▸ COLLECTED DATA
################

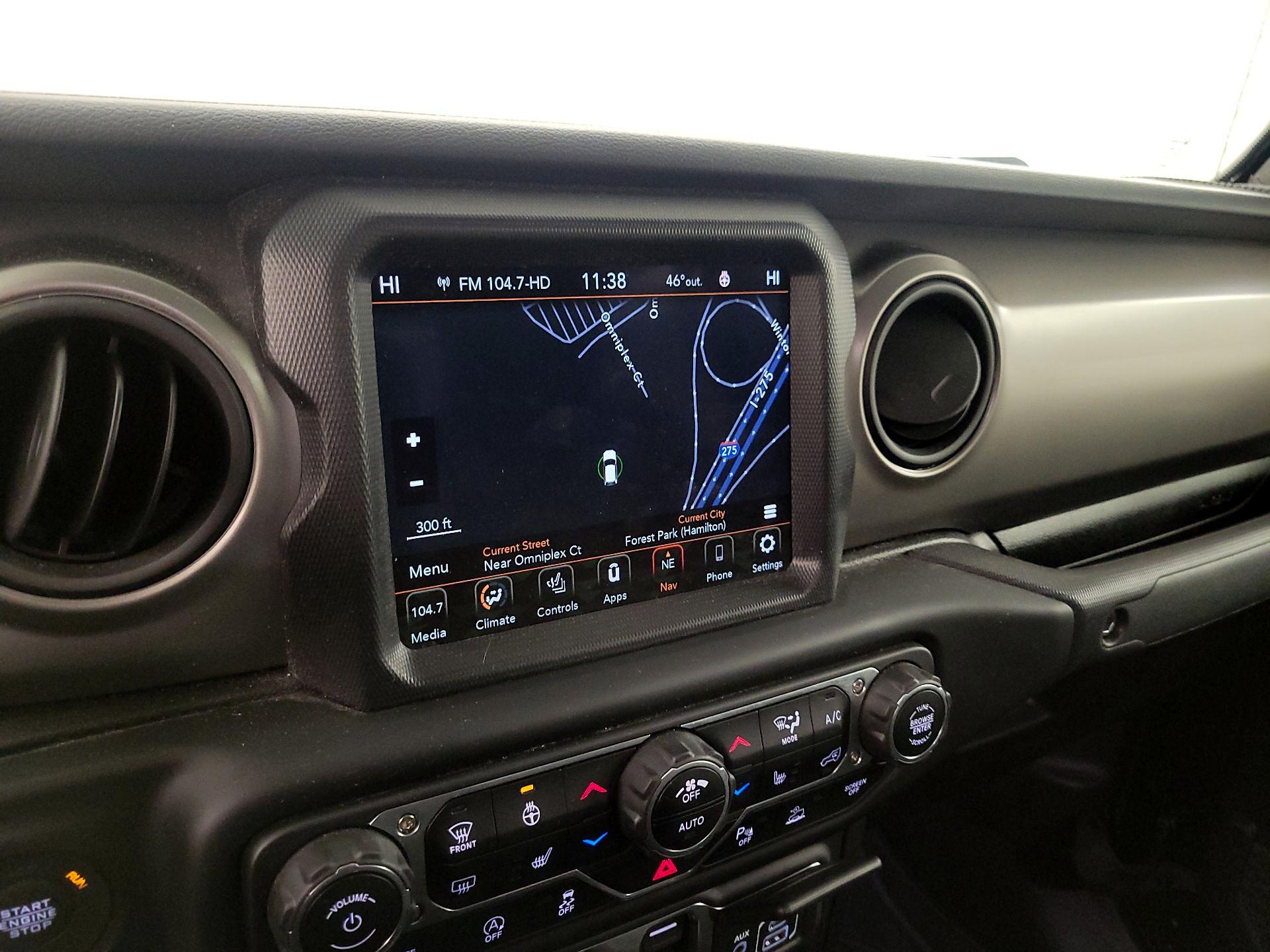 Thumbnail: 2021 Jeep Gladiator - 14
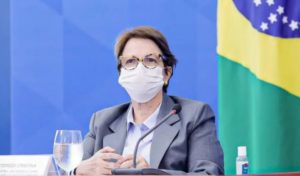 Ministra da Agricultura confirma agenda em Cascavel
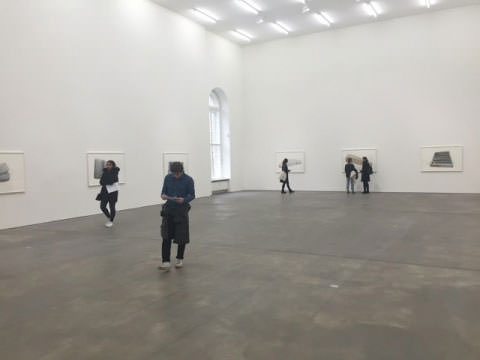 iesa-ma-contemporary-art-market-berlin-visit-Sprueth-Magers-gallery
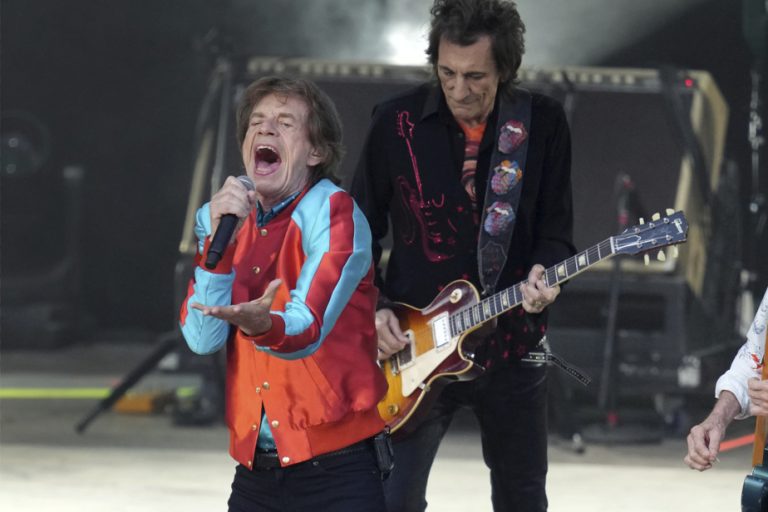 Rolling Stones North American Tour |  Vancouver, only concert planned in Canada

################

Drop every picture from the data, then output all the rest exactly.

▸ EXERCISE RESPONSE
 Thumbnail: 2021 Jeep Gladiator - 14
 Ministra da Agricultura confirma agenda em Cascavel
 iesa-ma-contemporary-art-market-berlin-visit-Sprueth-Magers-gallery
 Rolling Stones North American Tour |  Vancouver, only concert planned in Canada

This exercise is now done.